Introduced October 1, 2025 by Tina Smith · Last progress October 1, 2025
The bill protects contractors, contractor employees, and continuity of government services during FY2026 funding lapses by enabling contract-price adjustments and reimbursements and requiring quicker action and reporting — at the expense of increased, less predictable federal outlays and reduced congressional control, with some implementation and equity risks for small firms and higher-paid workers.
Government contractors and contracting agencies can adjust contract prices and access funding tied through Dec. 31, 2026 to cover costs from the FY2026 appropriations lapse, reducing unpaid liabilities for contractors and helping firms avoid bankruptcy or severe losses.
Agencies receive a dedicated authority and explicit direction to implement contract adjustments promptly, enabling faster resolution of contractor claims and reducing disruption to government operations and services.
Contractor employees who lost work during a shutdown can be reimbursed for lost wages (up to $1,442 per week) and contractors can recover costs to restore paid leave used during the lapse, reducing immediate financial harm to workers and small contractor firms.
Taxpayers may face higher and less predictable federal outlays because the bill funds contract adjustments and reimbursements for FY2026 without specified offsets or a strict dollar cap.
The bill’s broad, open-ended authority for contract-price adjustments (with no fixed overall cap or clear expiration) reduces fiscal predictability and can weaken congressional control over spending timing and amounts during lapses.
Reimbursements require agencies to verify that costs were “actually incurred” and provide documentation; that review process and broad agency discretion over what documentation is “appropriate” can delay payments and strain small contractors’ cash flow.
Based on analysis of 4 sections of legislative text.
Requires agencies to adjust contract prices to reimburse contractors for paying employees and restoring paid leave during funding lapses, with documentation and a $1,442 weekly cap per employee.
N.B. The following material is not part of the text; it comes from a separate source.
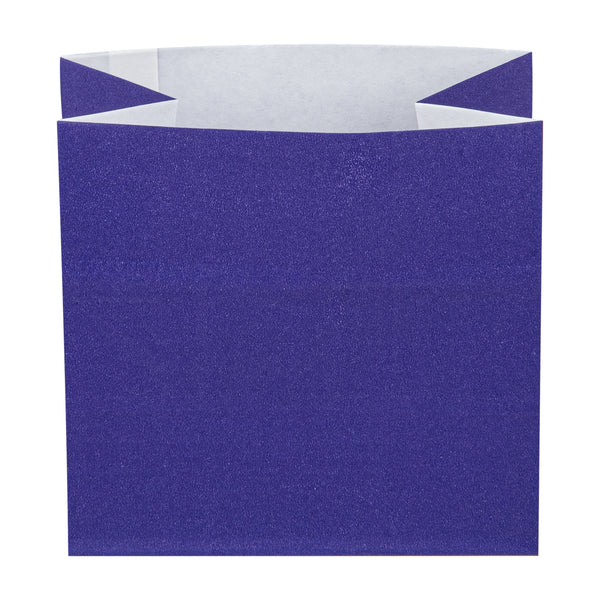 Restaurantware Bag Tek Purple Paper Small Snack Bag - 3 3/4" X 2 1/4" X 3 3/4" - 100 Count Box
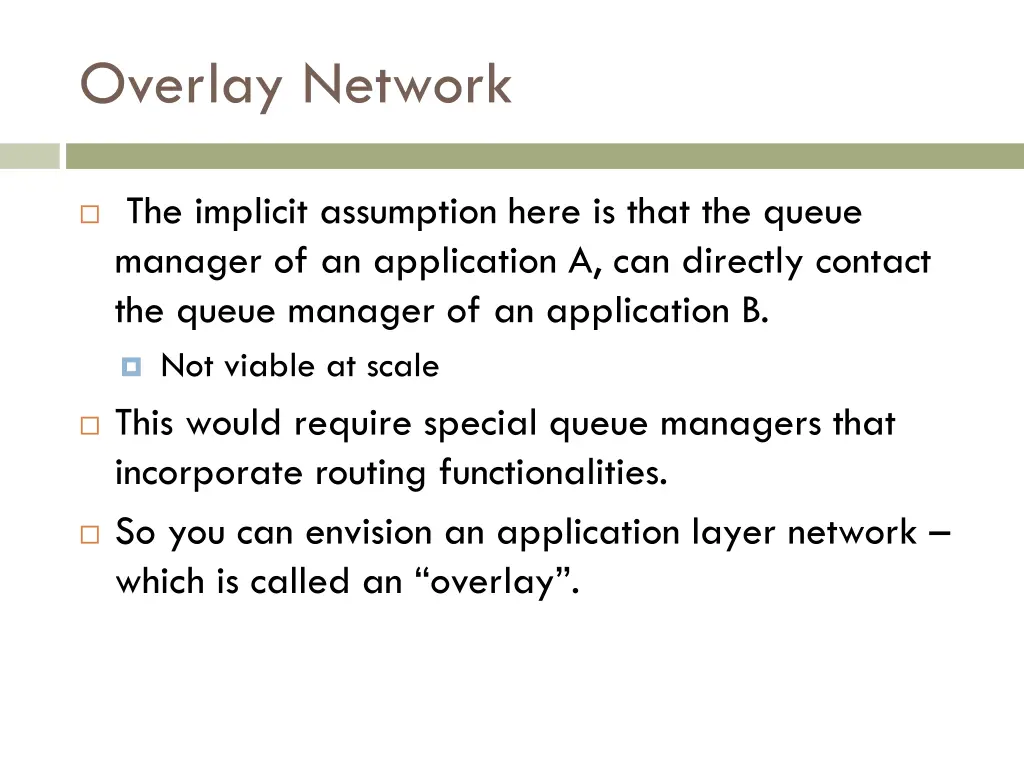 overlay network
Requires federal agencies that experienced or experience a lapse in appropriations during FY2026 to adjust contract prices and reimburse contractors for reasonable costs of paying employees (including restoring paid leave) during the lapse period. Reimbursements are limited to actual costs, documented to agency standards, and capped per employee at the lesser of actual weekly pay or $1,442 (pro‑rated for part‑time); agencies receive funding to cover those reimbursements and must report specified counts to Congress and the public within one year.